Big Guy learning the meaning of goodbye

Submitted by on Monday, 4 May 2009 One Comment
learning_to_say_goodbye"Goodbye! See you next season!" the friendly concession stand lady waved to Big Guy yesterday as we left the local college ballpark after the final game of the season.

"Bye!" Big Guy waved back brightly.

A few steps later, he stopped dead in  his tracks.

"Mommy, when's 'next season'?" he asked.

"They start playing in February."

"Oh," he said, pausing again to digest. "Then we might not be here then, right?"

"No, babes, we might not. Everything is kind of confused right now."

"But what baseball team will we watch next season?"

"I don't know, but we'll find one."

Big Guy has known since January that we'll likely move once Dad finishes his training. Then again, we might not - it all depends on how quickly he deploys. We've agreed that if it's in three months or less, it might not makes sense to uproot the guys. On the other hand, finances might force us to.

All of which means that the people Big Guy usually turns to for answers have none  right now: Where am I going to be living? Where will I go to school? Will I get to play soccer? Who will my friends be?

All of which, of course, runs through my mind, too. Except I'm a little more experienced at life-altering changes than the average 5-year-old. I don't toss and turn and grind my teeth in my sleep at night over them.

My standard answer: "I'm not sure, but whatever happens your family will be there to love you, and you'll be able to do the things you love to do." It's deliberately vague, because I can't even promise that Dad will be there for long.

The end of the college baseball season was the first event to  hit him. That's in part because the games were such a grand time.

Big Guy working at his first "job," a position that involved occasionally assisting and constantly chattering at the ticket taker.

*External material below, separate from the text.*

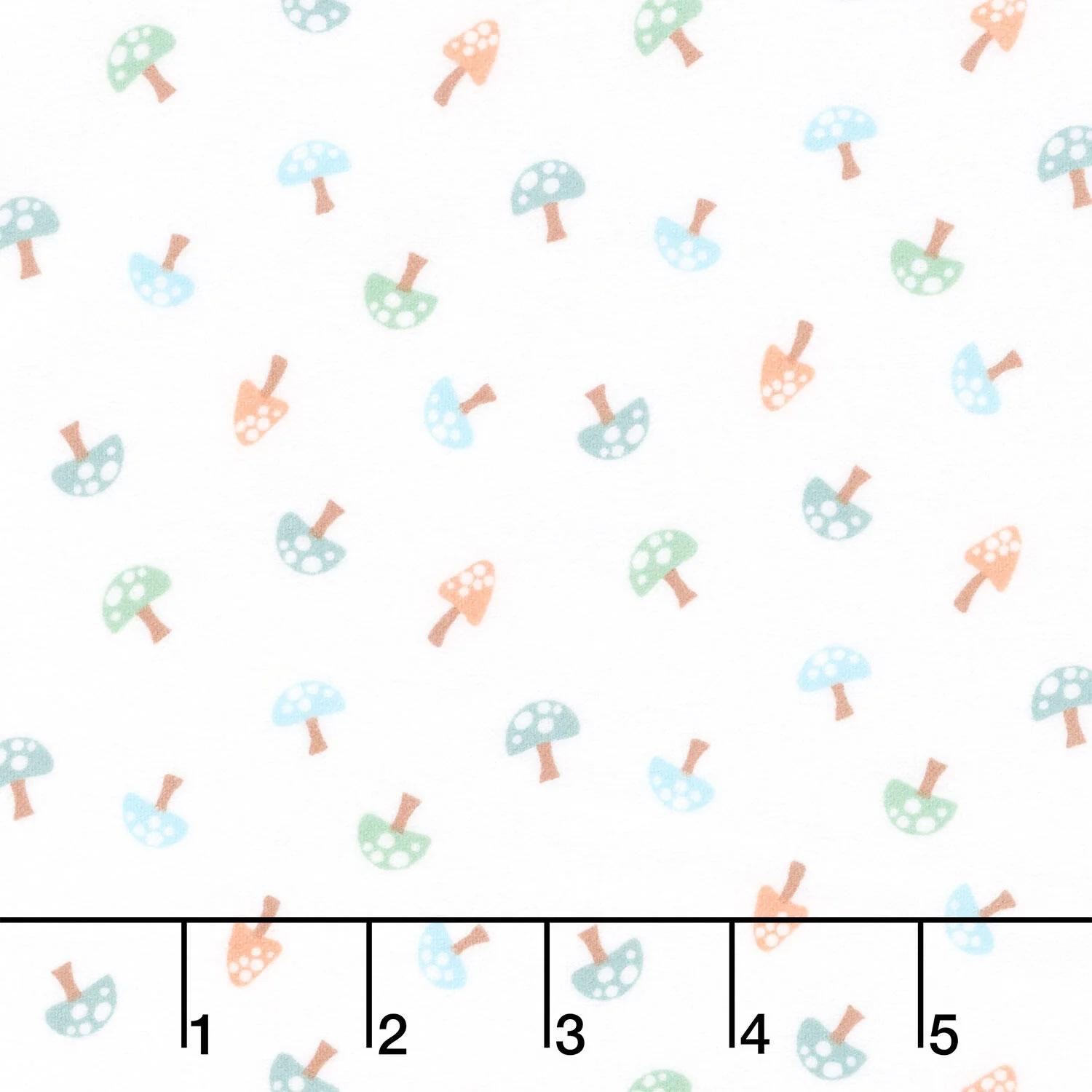 Cozy Forest Comfort Flannel - Forest Mushrooms White Yardage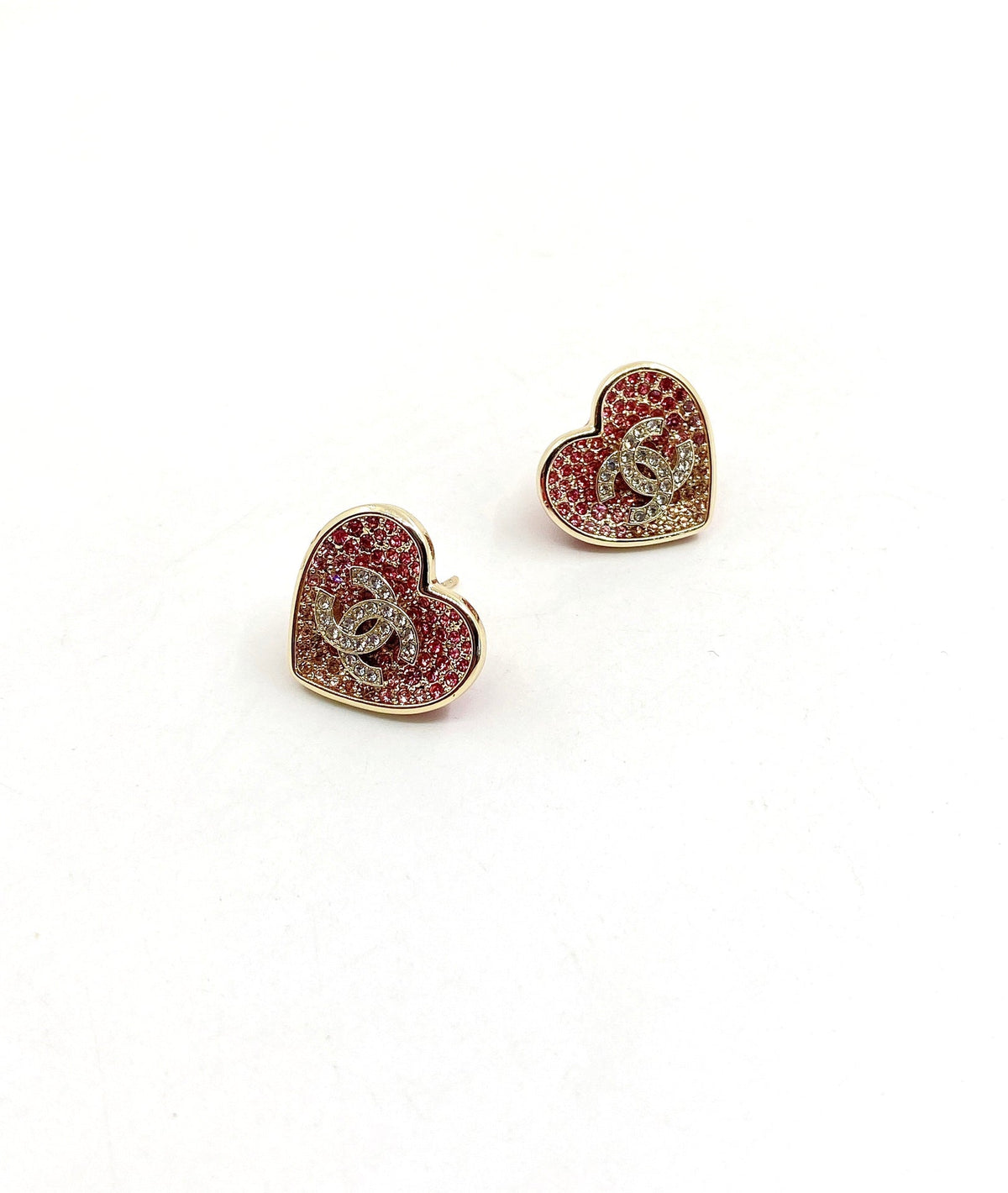 18K Chanel Diamond Pink Heart Earrings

Big Guy learning how to play "War" from one of the coach's sons. Big Guy trailing the same coach's son around until the 8-year-old agreed to play catch with him because, while Big  Guy might be little, at least he wasn't his younger brother. It buys social cachet at that age.

Big Guy declaring himself sick of Lunchables and selecting a salad to take for his treat at the last game, and let me tell you that's a bigger miracle than 1969 Mets. "You gotta believe"? I never would have had I not seen it.

Big Guy giving every impression of not paying one bit of attention to what was going on on the field, only to later do a perfect impression of the college hitters. Thank heaven the team drew the line at spitting and avoided that other habit baseball players are noted for.

"Can we come back and see the Warriors next year anyway?"

"Probably not, babes. But we'll find another team."

It's nothing that millions of military kids a year don't go through. It's nothing that my own nieces and nephews didn't survive, though they were born into it. Big Guy's arriving after living in the same house his whole life and settling into his community.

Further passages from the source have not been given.